**ENTRIES SUPPLIED:**
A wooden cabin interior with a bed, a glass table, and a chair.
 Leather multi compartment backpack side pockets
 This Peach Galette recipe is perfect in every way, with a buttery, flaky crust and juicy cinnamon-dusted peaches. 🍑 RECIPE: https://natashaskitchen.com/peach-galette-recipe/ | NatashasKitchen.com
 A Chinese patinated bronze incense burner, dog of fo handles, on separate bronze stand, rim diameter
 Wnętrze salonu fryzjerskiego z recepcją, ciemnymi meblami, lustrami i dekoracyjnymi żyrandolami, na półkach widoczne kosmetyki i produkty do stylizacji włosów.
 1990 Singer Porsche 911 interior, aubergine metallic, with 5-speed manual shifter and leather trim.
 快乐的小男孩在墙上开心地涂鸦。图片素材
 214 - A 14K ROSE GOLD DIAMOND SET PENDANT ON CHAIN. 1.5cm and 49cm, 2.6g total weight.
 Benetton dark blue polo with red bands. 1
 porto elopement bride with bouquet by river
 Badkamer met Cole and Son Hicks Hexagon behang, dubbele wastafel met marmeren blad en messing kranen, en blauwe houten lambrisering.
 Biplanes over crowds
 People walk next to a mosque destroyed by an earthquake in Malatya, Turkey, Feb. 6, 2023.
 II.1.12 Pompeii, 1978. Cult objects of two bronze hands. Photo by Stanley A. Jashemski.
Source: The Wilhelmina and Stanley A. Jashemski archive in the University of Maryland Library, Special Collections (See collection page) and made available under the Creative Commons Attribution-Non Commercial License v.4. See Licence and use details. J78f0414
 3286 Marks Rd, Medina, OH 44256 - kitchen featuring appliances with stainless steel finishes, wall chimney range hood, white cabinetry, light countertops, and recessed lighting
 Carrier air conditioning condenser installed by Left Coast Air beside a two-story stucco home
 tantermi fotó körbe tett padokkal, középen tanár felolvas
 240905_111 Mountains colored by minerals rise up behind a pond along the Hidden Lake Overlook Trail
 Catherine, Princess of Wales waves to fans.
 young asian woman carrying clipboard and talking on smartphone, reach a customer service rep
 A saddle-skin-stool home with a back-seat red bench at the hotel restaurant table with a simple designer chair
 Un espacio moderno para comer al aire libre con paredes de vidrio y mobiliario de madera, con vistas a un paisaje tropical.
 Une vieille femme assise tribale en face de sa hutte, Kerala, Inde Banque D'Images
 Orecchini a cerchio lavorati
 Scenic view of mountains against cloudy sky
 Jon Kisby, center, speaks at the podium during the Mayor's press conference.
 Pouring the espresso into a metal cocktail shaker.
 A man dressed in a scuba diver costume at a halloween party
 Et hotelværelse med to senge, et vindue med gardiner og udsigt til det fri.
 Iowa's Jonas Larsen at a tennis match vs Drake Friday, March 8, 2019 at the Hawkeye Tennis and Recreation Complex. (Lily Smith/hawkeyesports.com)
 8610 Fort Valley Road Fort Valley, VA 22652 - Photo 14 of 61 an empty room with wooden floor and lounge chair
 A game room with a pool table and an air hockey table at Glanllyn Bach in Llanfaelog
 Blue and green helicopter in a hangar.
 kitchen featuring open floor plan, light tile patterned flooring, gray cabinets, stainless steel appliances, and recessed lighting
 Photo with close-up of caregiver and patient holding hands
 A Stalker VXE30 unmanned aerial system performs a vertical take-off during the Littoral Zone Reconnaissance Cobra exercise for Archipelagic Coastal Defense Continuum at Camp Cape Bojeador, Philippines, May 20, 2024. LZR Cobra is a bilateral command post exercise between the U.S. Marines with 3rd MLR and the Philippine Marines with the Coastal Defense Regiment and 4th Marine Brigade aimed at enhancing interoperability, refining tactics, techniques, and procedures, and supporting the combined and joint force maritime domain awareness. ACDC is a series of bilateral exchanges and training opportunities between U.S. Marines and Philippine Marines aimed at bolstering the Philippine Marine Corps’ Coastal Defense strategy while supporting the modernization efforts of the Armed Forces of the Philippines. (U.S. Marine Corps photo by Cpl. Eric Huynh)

**WHAT YOU SHOULD DO:**
Could you filter the material above and copy each line that holds the word "chair"?

**OUTPUT FOR THIS TASK:**
A wooden cabin interior with a bed, a glass table, and a chair.
 A saddle-skin-stool home with a back-seat red bench at the hotel restaurant table with a simple designer chair
 8610 Fort Valley Road Fort Valley, VA 22652 - Photo 14 of 61 an empty room with wooden floor and lounge chair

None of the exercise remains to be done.